Using the records below, transcribe word for word the stretch from the line that contains "Load image into" through the line that contains "Funny T-shirt: a", both end lines included, and nothing else.

[Extracted data entries]
★ ★ ★

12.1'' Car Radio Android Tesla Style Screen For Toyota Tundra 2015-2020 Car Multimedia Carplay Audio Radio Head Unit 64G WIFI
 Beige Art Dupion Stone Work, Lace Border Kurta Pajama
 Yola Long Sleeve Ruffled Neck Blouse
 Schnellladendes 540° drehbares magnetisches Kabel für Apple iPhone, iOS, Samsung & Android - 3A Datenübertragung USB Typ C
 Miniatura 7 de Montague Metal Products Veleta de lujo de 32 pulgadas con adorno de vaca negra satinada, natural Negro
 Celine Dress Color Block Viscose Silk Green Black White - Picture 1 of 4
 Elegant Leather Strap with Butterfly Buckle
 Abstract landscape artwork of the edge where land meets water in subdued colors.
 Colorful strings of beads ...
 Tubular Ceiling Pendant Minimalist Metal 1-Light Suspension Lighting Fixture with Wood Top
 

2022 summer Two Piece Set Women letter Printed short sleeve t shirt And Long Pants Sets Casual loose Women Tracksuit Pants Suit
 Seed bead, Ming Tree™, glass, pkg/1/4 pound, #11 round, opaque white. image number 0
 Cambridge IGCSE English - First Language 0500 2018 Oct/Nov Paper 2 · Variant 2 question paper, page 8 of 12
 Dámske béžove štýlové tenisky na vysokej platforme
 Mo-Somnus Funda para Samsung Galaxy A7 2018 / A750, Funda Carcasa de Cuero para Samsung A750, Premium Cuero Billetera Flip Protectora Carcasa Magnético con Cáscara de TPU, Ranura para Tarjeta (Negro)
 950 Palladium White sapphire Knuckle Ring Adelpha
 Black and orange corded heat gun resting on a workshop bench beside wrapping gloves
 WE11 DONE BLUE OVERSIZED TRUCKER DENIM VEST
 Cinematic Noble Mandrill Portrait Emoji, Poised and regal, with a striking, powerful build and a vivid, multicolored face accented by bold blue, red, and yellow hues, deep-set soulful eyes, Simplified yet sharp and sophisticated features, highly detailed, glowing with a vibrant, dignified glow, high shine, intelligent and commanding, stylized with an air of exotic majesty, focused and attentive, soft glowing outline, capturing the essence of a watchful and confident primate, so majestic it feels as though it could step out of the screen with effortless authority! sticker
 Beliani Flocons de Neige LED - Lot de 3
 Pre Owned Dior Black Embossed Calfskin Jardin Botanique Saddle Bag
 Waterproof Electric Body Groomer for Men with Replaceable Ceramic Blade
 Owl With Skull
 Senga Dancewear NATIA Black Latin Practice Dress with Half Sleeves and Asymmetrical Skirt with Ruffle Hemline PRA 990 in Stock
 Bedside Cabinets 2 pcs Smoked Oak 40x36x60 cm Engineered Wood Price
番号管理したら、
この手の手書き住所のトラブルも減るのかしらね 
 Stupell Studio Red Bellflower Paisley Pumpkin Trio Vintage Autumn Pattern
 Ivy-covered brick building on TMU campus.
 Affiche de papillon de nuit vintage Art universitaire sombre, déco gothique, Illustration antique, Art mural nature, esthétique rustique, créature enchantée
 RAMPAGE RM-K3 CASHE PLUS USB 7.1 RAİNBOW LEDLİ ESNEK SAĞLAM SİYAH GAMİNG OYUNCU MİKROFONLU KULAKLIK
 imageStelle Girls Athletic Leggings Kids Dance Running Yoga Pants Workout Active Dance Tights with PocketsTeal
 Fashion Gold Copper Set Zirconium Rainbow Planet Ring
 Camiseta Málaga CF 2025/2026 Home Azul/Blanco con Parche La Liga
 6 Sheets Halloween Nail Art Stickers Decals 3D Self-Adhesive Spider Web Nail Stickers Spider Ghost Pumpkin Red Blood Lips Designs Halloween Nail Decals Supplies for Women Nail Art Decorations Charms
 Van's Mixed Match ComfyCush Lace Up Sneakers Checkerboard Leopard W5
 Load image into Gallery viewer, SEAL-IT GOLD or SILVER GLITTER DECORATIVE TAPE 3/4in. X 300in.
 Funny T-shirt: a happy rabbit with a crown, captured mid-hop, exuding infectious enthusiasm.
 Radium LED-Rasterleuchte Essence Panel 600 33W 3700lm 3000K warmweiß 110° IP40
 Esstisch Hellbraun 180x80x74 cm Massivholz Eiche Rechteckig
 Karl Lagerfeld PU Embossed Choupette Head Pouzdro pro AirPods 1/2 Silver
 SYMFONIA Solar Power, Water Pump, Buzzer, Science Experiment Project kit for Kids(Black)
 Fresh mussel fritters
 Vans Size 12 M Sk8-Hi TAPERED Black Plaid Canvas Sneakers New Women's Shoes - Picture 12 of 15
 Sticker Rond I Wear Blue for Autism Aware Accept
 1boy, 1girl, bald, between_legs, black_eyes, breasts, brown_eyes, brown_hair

★ ★ ★

Your solution:
 Load image into Gallery viewer, SEAL-IT GOLD or SILVER GLITTER DECORATIVE TAPE 3/4in. X 300in.
 Funny T-shirt: a happy rabbit with a crown, captured mid-hop, exuding infectious enthusiasm.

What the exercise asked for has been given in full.